* EXTRACTED DATA *

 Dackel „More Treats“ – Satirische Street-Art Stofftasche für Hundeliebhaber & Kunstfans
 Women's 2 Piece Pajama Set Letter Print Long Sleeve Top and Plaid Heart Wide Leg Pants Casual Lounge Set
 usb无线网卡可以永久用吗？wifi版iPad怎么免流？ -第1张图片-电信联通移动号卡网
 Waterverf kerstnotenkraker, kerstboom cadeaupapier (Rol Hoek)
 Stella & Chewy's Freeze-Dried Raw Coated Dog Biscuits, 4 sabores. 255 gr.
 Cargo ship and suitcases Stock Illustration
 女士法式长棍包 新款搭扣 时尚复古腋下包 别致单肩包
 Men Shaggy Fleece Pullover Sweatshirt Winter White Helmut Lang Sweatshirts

==

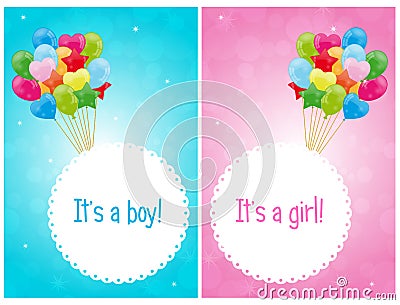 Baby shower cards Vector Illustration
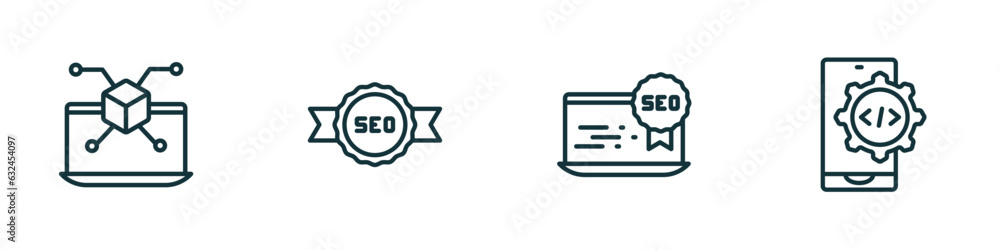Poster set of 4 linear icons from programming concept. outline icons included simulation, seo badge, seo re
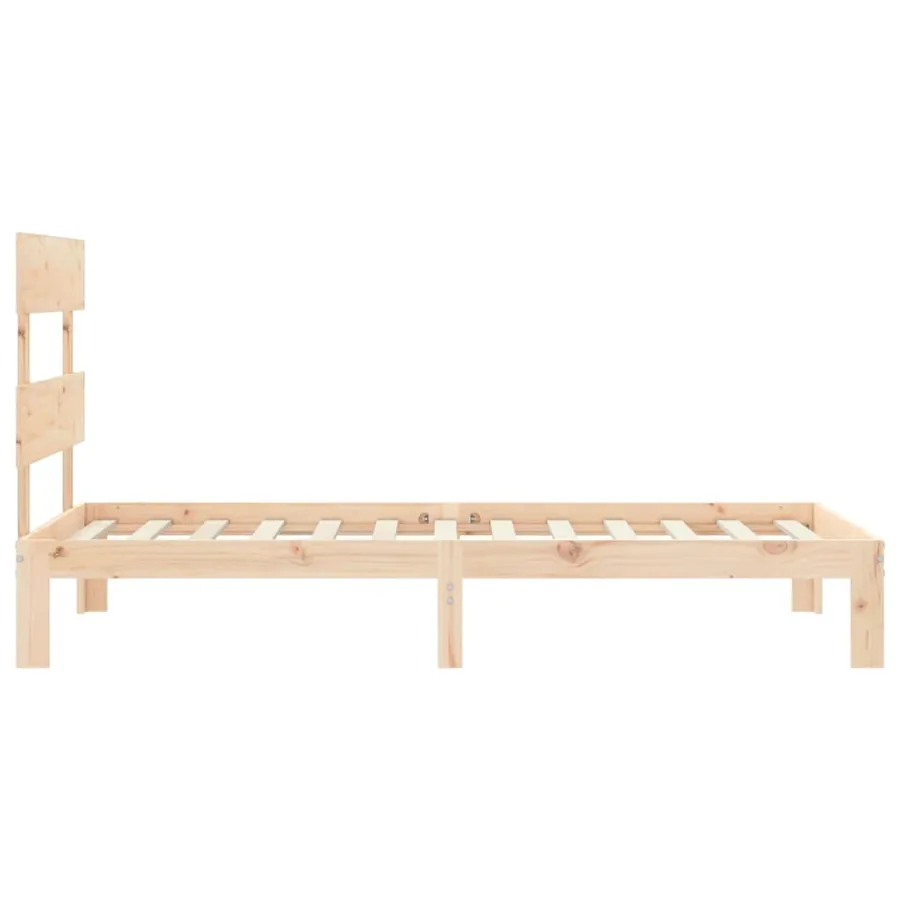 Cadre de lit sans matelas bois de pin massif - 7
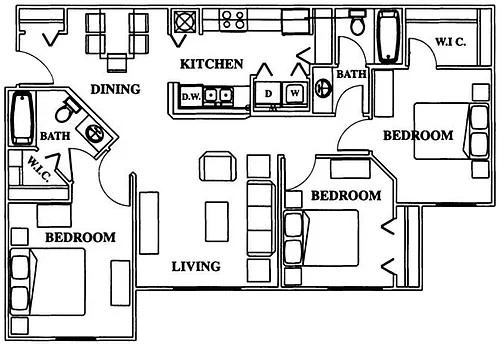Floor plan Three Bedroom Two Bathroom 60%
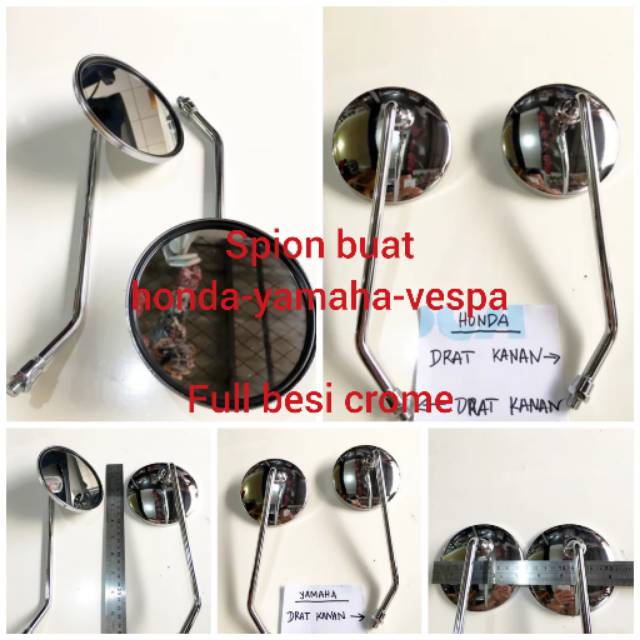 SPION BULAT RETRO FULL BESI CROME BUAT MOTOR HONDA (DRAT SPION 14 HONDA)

...

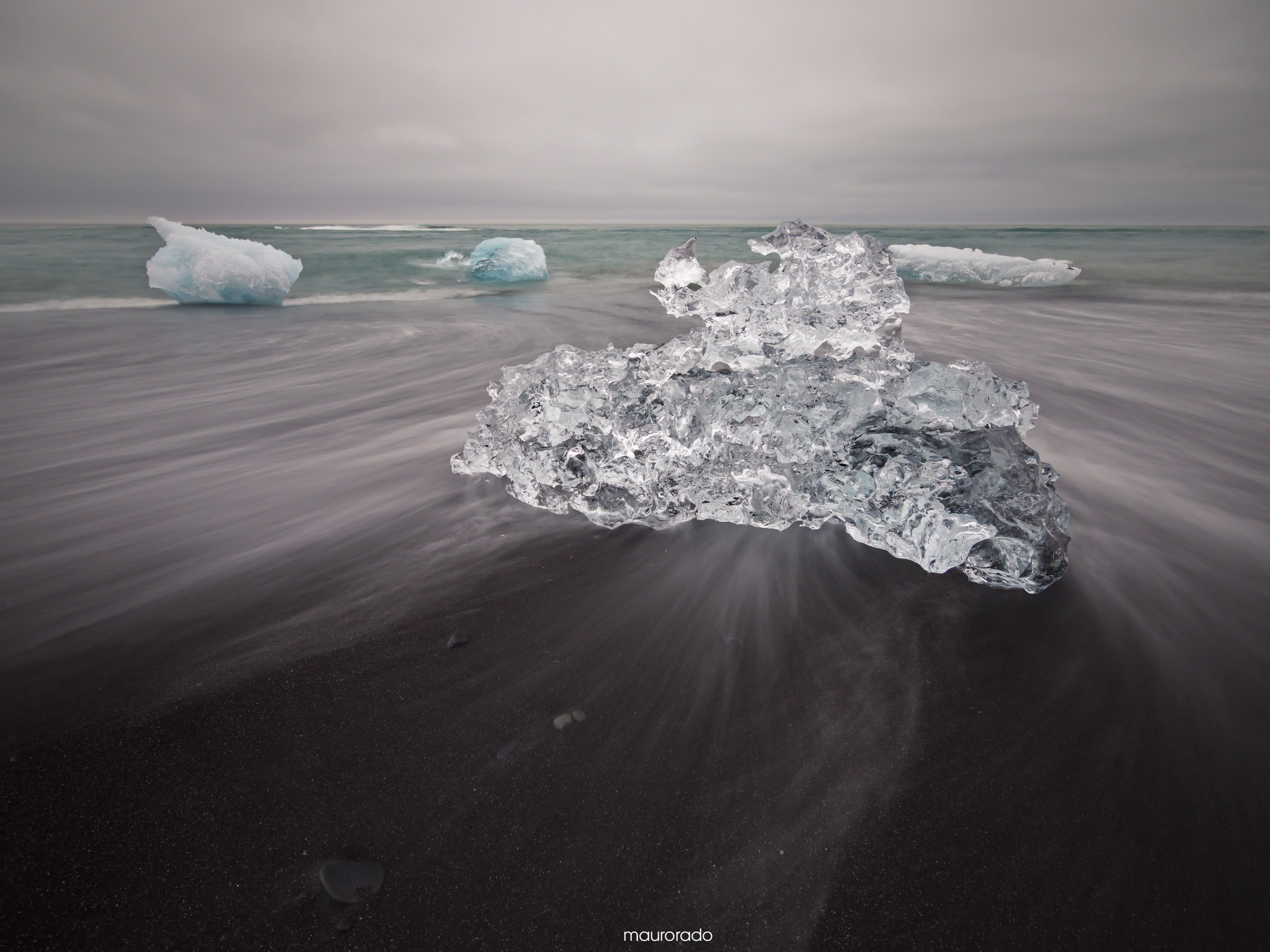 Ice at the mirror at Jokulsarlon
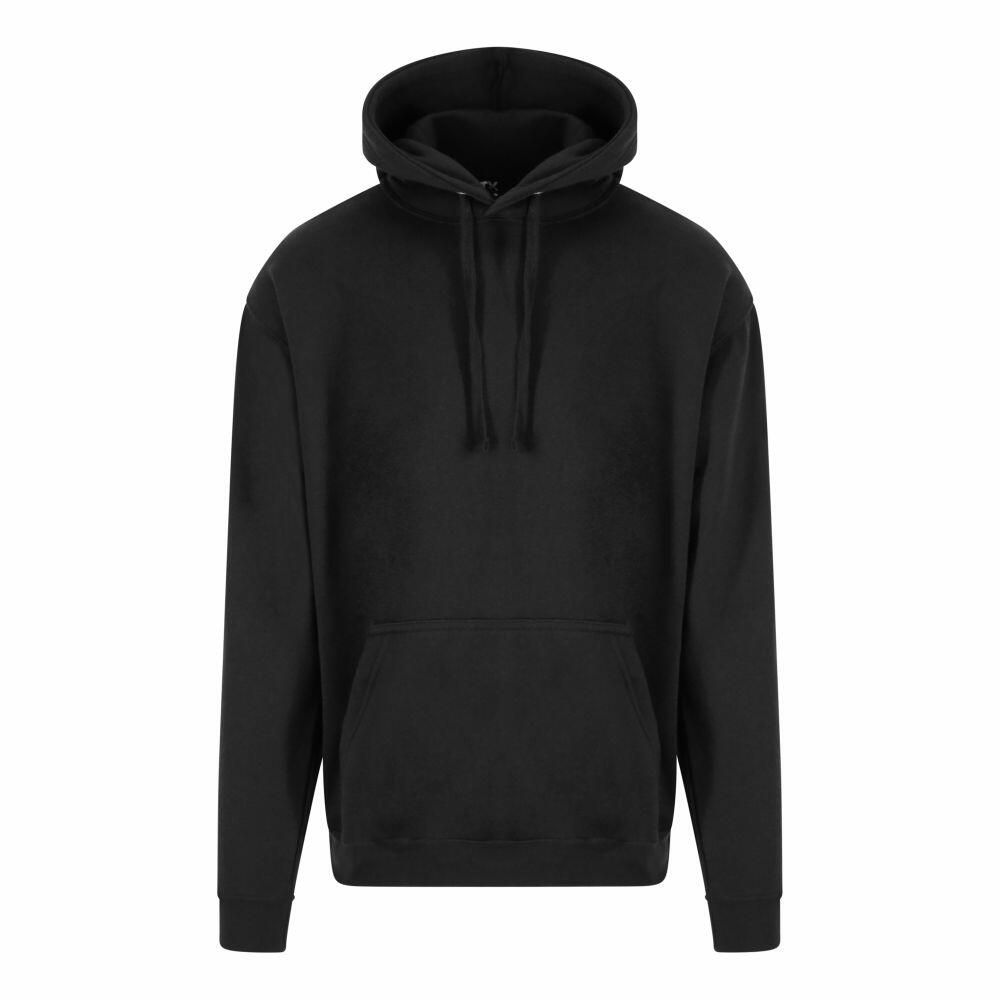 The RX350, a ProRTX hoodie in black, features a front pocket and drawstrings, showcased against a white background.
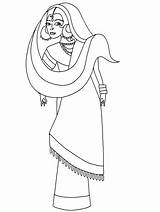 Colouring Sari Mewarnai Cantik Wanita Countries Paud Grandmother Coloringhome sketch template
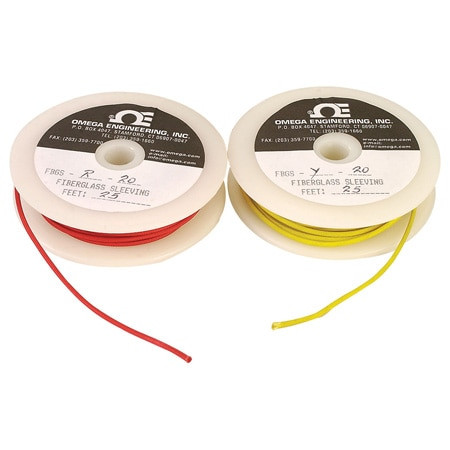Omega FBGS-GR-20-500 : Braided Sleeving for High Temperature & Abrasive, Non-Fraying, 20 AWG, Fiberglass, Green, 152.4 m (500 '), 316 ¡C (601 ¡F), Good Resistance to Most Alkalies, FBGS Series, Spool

* WHAT THE EXERCISE ASKS *
Repeat exactly the lines above from the one with "Cargo ship and suitcases Stock Illustration" up to and including the one with "Men Shaggy Fleece". No other line belongs in the reply.

* TASK OUTPUT *
 Cargo ship and suitcases Stock Illustration
 女士法式长棍包 新款搭扣 时尚复古腋下包 别致单肩包
 Men Shaggy Fleece Pullover Sweatshirt Winter White Helmut Lang Sweatshirts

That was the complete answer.